Voice AI

Build a Private AI Voice Assistant with OpenClaw + Whisper

Your voice, transcribed locally by Whisper, acted on by OpenClaw. No Alexa, no Google, no Siri. Zero audio leaves your machine.

12 min readApril 6, 2026 Privacy-first

Why Add a Voice Layer to Your AI Agent?

Text is fast. But voice is hands-free. There are moments — cooking, driving, working out — where you want to ask your AI something and typing isn't an option.

The commercial options (Alexa, Google Assistant, Siri) all have the same problem: they're listening servers in your home sending audio to corporate data centers. Every query you make goes somewhere. That tradeoff was acceptable when assistants were dumb. It's not acceptable now that they're powerful.
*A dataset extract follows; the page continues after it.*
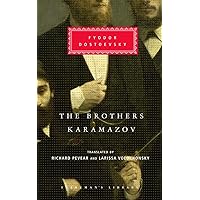 The Brothers Karamazov: Introduction by Malcolm Jones (Everyman's Library) The Brothers Karamazov: Introduction by Malcolm Jones (Everyman's Library) Hardcover Kindle Audible Audiobook Paperback Audio, Cassette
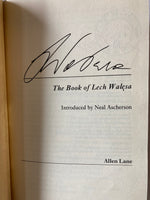 Boleslaw Fac Edmund Szczesiak The Book of Lech Walesa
OpenClaw already handles the agent layer — memory, tools, cron jobs, multi-channel messaging. What it's missing out of the box is a voice input layer. That's what we're adding today, using OpenAI's Whisper model running entirely on your hardware.

Audio stays local
Zero cloud transmission
~200ms latency
On Apple Silicon M2+
Works offline
Whisper runs on-device

The Architecture

The pipeline is simple and each component is swappable:

[Microphone / Audio File]
        ↓
[Whisper (local STT)]  ←── runs on your CPU/GPU
        ↓
[Transcribed Text]
        ↓
[OpenClaw Agent]       ←── memory + tools + skills
        ↓
[Text Response]
        ↓
[TTS (local or API)]   ←── optional: piper / macOS say
        ↓
[Speaker Output]

The only component that touches a cloud is the OpenClaw agent itself — and that's your choice. You can run OpenClaw with a cloud model (Claude, GPT-4, Gemini) or swap it torun fully local with Ollamafor 100% private operation.

Install Whisper Locally

We're using faster-whisper — a community-optimized port of Whisper that runs 4-8x faster than the reference implementation with the same accuracy.

# Install faster-whisper
pip install faster-whisper

# Or with uv (recommended):
uv pip install faster-whisper

Test it immediately with a quick Python snippet:

test_whisper.py
from faster_whisper import WhisperModel

# Use "base" for speed, "small" for accuracy, "large-v3" for best
model = WhisperModel("base", device="cpu", compute_type="int8")

segments, info = model.transcribe("your_audio.wav", beam_size=5)

for segment in segments:
    print(f"[{segment.start:.2f}s → {segment.end:.2f}s] {segment.text}")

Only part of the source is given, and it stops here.